Als Grund für die Verbotsverfügung hatte sie angeführt, dass durch die Ansammlung Zehntausender Menschen - oft ohne Maske und Abstand - ein zu hohes Gesundheitsrisiko für die Bevölkerung entstehe. Das habe bereits die Demonstration gegen die Corona-Politik am 1. August in Berlin gezeigt, bei der die meisten Demonstranten bewusst Hygieneregeln ignoriert hätten.
Das Verwaltungsgericht Berlin hatte aber am Freitag entschieden, dass die Versammlung stattfinden dürfe. Es stellte fest: Für ein Verbot lägen keine Voraussetzungen vor. Eine unmittelbare Gefahr für die öffentliche Sicherheit lasse sich weder aus dem Verlauf der Demo am 1. August noch aus der kritischen Haltung der Teilnehmer zur Corona-Politik ableiten. Die Veranstalter hätten ein Hygienekonzept vorgelegt und mit 900 Ordnern und 100 "Deeskalationsteams" Vorkehrungen getroffen. Auflagen für die Demo seien vom Land nicht hinreichend geprüft worden.
Der Initiator der Kundgebung, Michael Ballweg, wertete bereits die Entscheidung der ersten Instanz, des Berliner Verwaltungsgerichts, am Freitagnachmittag als "vollen Erfolg". Er betonte, dass die Demonstration friedlich ablaufen solle.
Bereits am Freitagabend versammelten sich 1.500 vor dem Brandenburger Tor – die meisten von ihnen trugen keinen Mundschutz. Vor den Botschaften Russlands und den USA forderten einige von ihnen die Unterzeichnung eines "Friedensvertrags" – ein klares Zeichen, dass es sich hierbei um Anhänger der Reichsbürgerbewegung handelt. Viele von ihnen glauben, dass die Bundesrepublik weiterhin ein besetztes Land sei.
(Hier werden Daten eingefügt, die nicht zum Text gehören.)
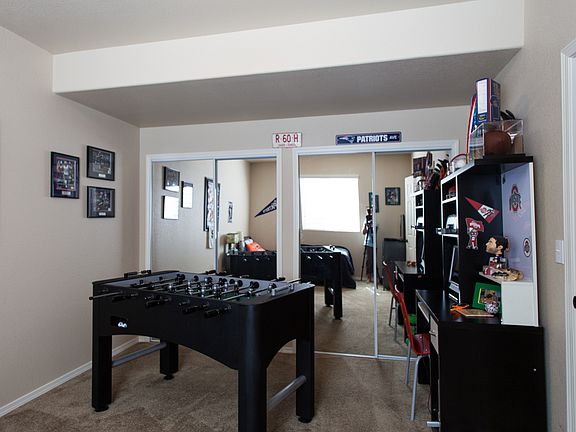 Space for play and desk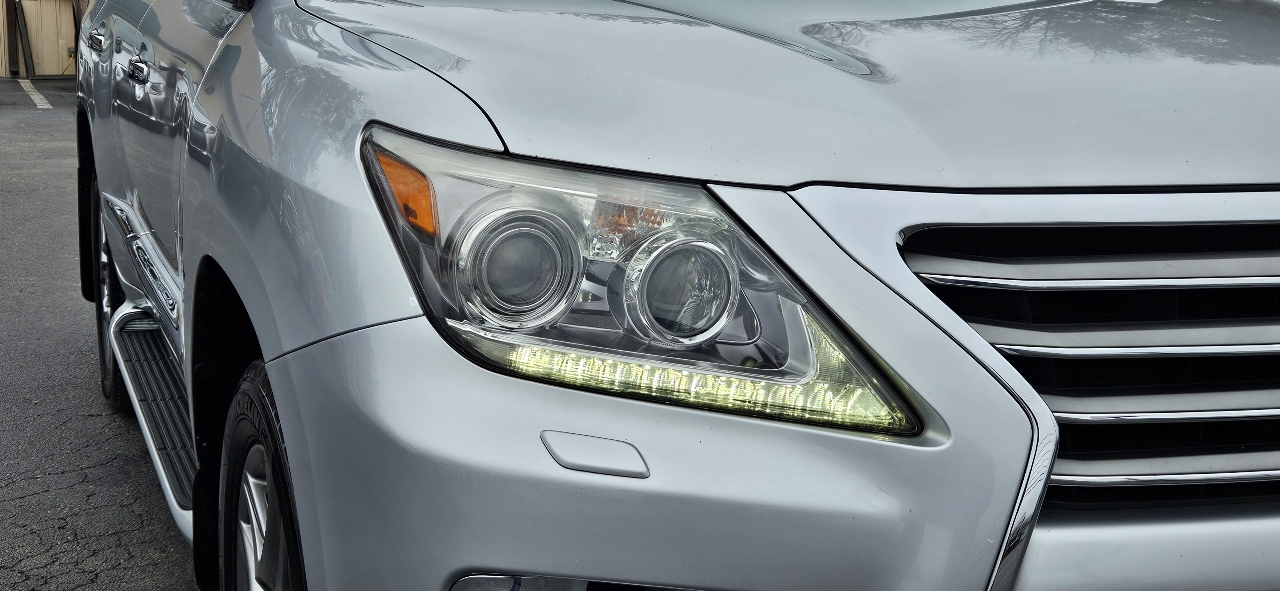 Lexus LX 570 4WD 4dr 2013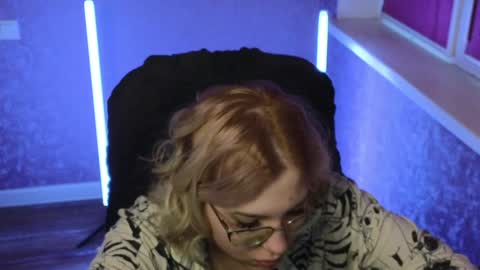 Belle  online show from January 15, 2025, 2:49 am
Die Berliner Polizei zeigte sich über die im Internet formulierte "offene Gewaltbereitschaft" besorgt, wie Vizepräsident Marco Langner sagte. Es gebe auch viele Aufrufe von Rechtsextremisten zur Teilnahme an den Versammlungen. 3000 Polizisten sollen in der Hauptstadt bereitstehen, 1000 davon aus anderen Bundesländern und von der Bundespolizei, hieß es am Freitagnachmittag von der Polizeibehörde.
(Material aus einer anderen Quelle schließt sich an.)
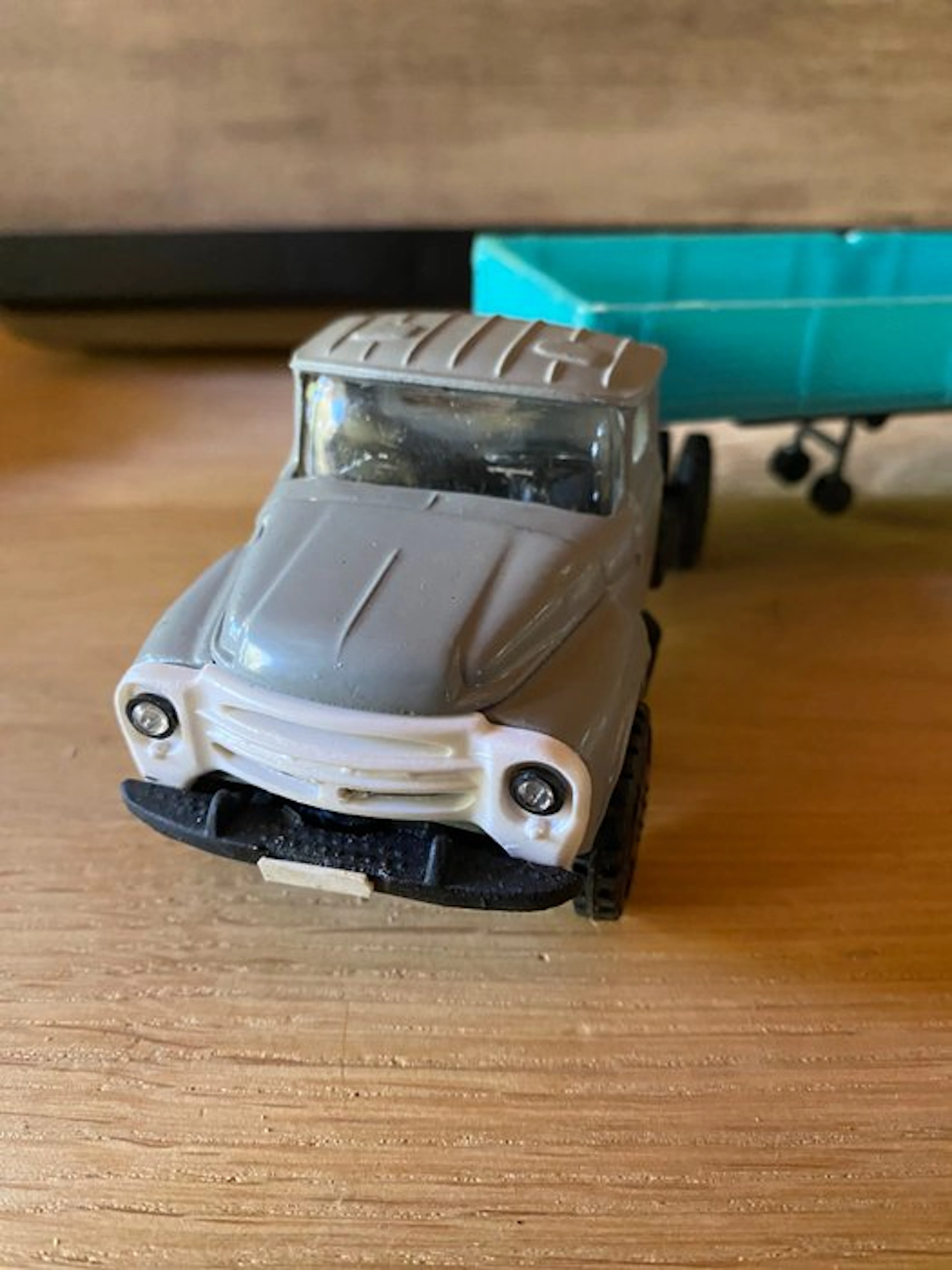 Sovjet 1:43 - Model car - ZIL-130V1 met aanhanger ODAZ-885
Der rot-rot-grüne Berliner Senat und die Polizei mussten wegen der Verbotsverfügung breite Kritik einstecken. Innensenator Andreas Geisel (SPD) hatte zum Demonstrationsverbot auch gesagt, er wolle nicht hinnehmen, dass Berlin erneut zur Bühne für "Corona-Leugner, Reichsbürger und Rechtsextremisten" werde.